I was cruising along and then I heard the voice come through my headphones from my map my run app telling me my distance and time and I just kept going because everything was still easy. At the next interval I heard the same thing, but at this point I was starting to get a little tired and I knew it was a long way back home and my mind started to tell me I had gone too far, this is too much, but I just kept pushing. I practice positive thinking on a daily basis, meaning that when negative thoughts creep in, I recognize them and replace them with positive ones. I also name this voice and I visualize this voice as a real person in order to talk to him. At this interval I simply said to him "excuse me, I have to keep going, I have a goal and I have come to far to stop now", and off I went.
I kept running and the voice came through my headphones again with the time and distance and this time it was the distance I normally run, but I was nowhere close to my house and again, I was tired. You know the feeling when your chest is burning and your legs get heavy and you wouldn't mind stopping. At this very moment guess who appeared again? That little man, and he was trying to high five me and tell me I have done enough, I have accomplished my goal, I have gone as far as I alwasy go and that is good enough", but I looked at him and said "excuse me sir, today I am going beyond the normal, today I am pushing past average, and today I am going to the next level", but he insisted saying "STOP, you are good enough". Again, I know better, I know good enough never is, so I politely said "excuse me sir, I have to keep going, I have come to far to stop now" and I off I went. This time he was mad at me, he gave me a look I never see from him becaue he knew my legs were tired and my chest was burning, and my breathing became a little tough to control, and was upset he couldn't convince me to quit, but I knew, and I know that your mind will quit before your body does, so he was ready to quit but I moved him aside, and off I went.
As I trekked on, I heard the voice again, time and distance and I began to think to myself, wow, this is great, you have accomplished, and the voice came to me again and he said, "see, I was right, you are done, you do not want to go any further, you have accomplished so stop, you are tired and sore". But I just kept saying I started and I have to finish because that is what I do, I am a competitor and I have been here before, and like before I will pass out before I quit" and I kept on.
Then as I entered the home stretch and I continued to get more tired I saw an elderly man walking at a slow clip and slightly hunched over like life was winning the battle against his body. I waved to him and he could barely lift his arm high enough to wave back and all of a sudden this feeling came over me and I was no longer tired at all. Although I had been using my positive thought training to get me through this run, I now used an outside form of motivation to help me finish this run, because in the moment I saw the man walking I realized I did not have to finish the run, I get to finish the run. I thought about how the man was unable to run and I am fortunate to be able to run whenever I like and I just kept thinking to myself you do not have to finish this run, but you get to finish this run so take advantage of the things you get to do while you are still able to do them.

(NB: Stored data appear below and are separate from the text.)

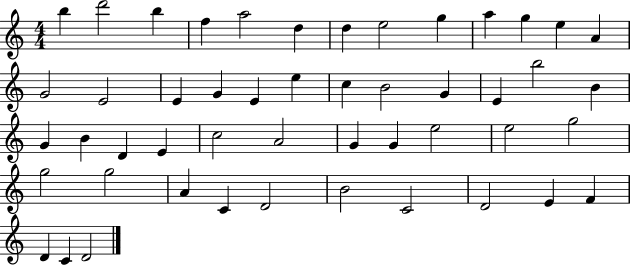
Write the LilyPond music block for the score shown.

{
  \clef treble
  \numericTimeSignature
  \time 4/4
  \key c \major
  b''4 d'''2 b''4 | f''4 a''2 d''4 | d''4 e''2 g''4 | a''4 g''4 e''4 a'4 | \break g'2 e'2 | e'4 g'4 e'4 e''4 | c''4 b'2 g'4 | e'4 b''2 b'4 | \break g'4 b'4 d'4 e'4 | c''2 a'2 | g'4 g'4 e''2 | e''2 g''2 | \break g''2 g''2 | a'4 c'4 d'2 | b'2 c'2 | d'2 e'4 f'4 | \break d'4 c'4 d'2 | \bar "|."
} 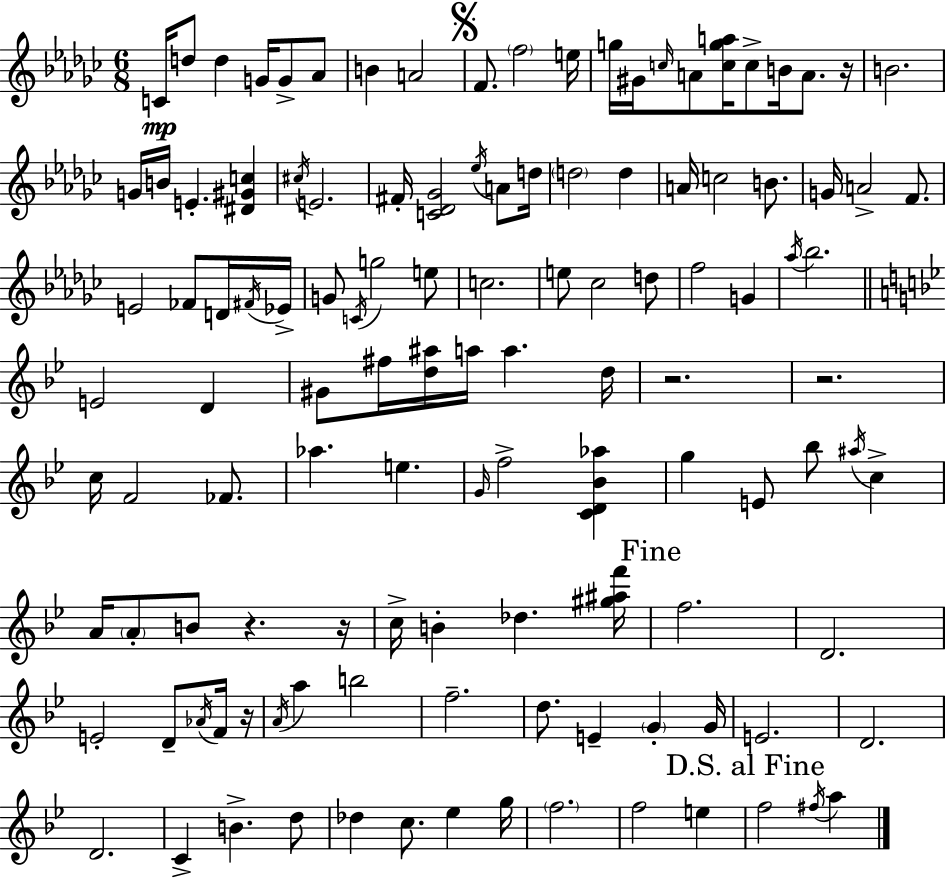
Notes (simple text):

C4/s D5/e D5/q G4/s G4/e Ab4/e B4/q A4/h F4/e. F5/h E5/s G5/s G#4/s C5/s A4/e [C5,G5,A5]/s C5/e B4/s A4/e. R/s B4/h. G4/s B4/s E4/q. [D#4,G#4,C5]/q C#5/s E4/h. F#4/s [C4,Db4,Gb4]/h Eb5/s A4/e D5/s D5/h D5/q A4/s C5/h B4/e. G4/s A4/h F4/e. E4/h FES4/e D4/s F#4/s Eb4/s G4/e C4/s G5/h E5/e C5/h. E5/e CES5/h D5/e F5/h G4/q Ab5/s Bb5/h. E4/h D4/q G#4/e F#5/s [D5,A#5]/s A5/s A5/q. D5/s R/h. R/h. C5/s F4/h FES4/e. Ab5/q. E5/q. G4/s F5/h [C4,D4,Bb4,Ab5]/q G5/q E4/e Bb5/e A#5/s C5/q A4/s A4/e B4/e R/q. R/s C5/s B4/q Db5/q. [G#5,A#5,F6]/s F5/h. D4/h. E4/h D4/e Ab4/s F4/s R/s A4/s A5/q B5/h F5/h. D5/e. E4/q G4/q G4/s E4/h. D4/h. D4/h. C4/q B4/q. D5/e Db5/q C5/e. Eb5/q G5/s F5/h. F5/h E5/q F5/h F#5/s A5/q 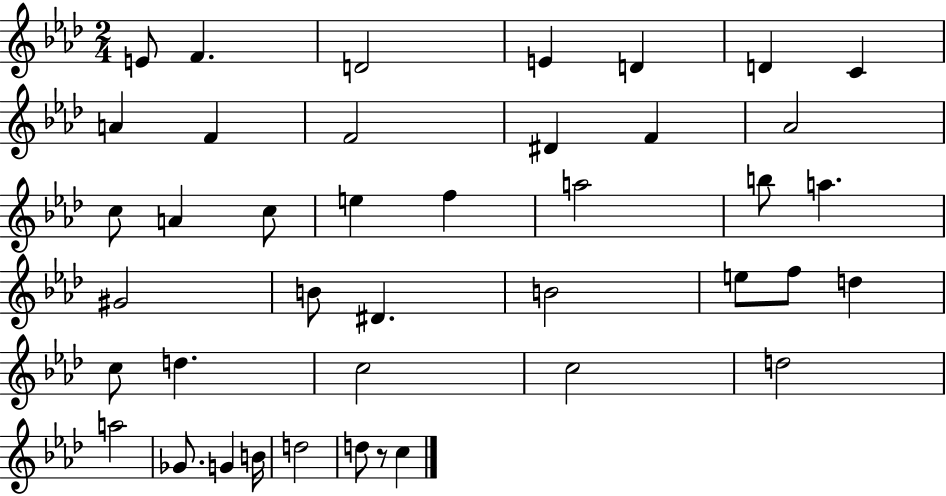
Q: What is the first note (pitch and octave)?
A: E4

We all need to understand that in life we get to do things and we must learn to take advantage of those things because one day we will no longer be able or we will simply no longer get to do them. I got a chance to play pro baseball, and each game I played as though I would never play another game, because there was a posibility that was true; one day I would no longer get to play pro baseball. Your perception and thoughts will shape your life, so make sure both are positive.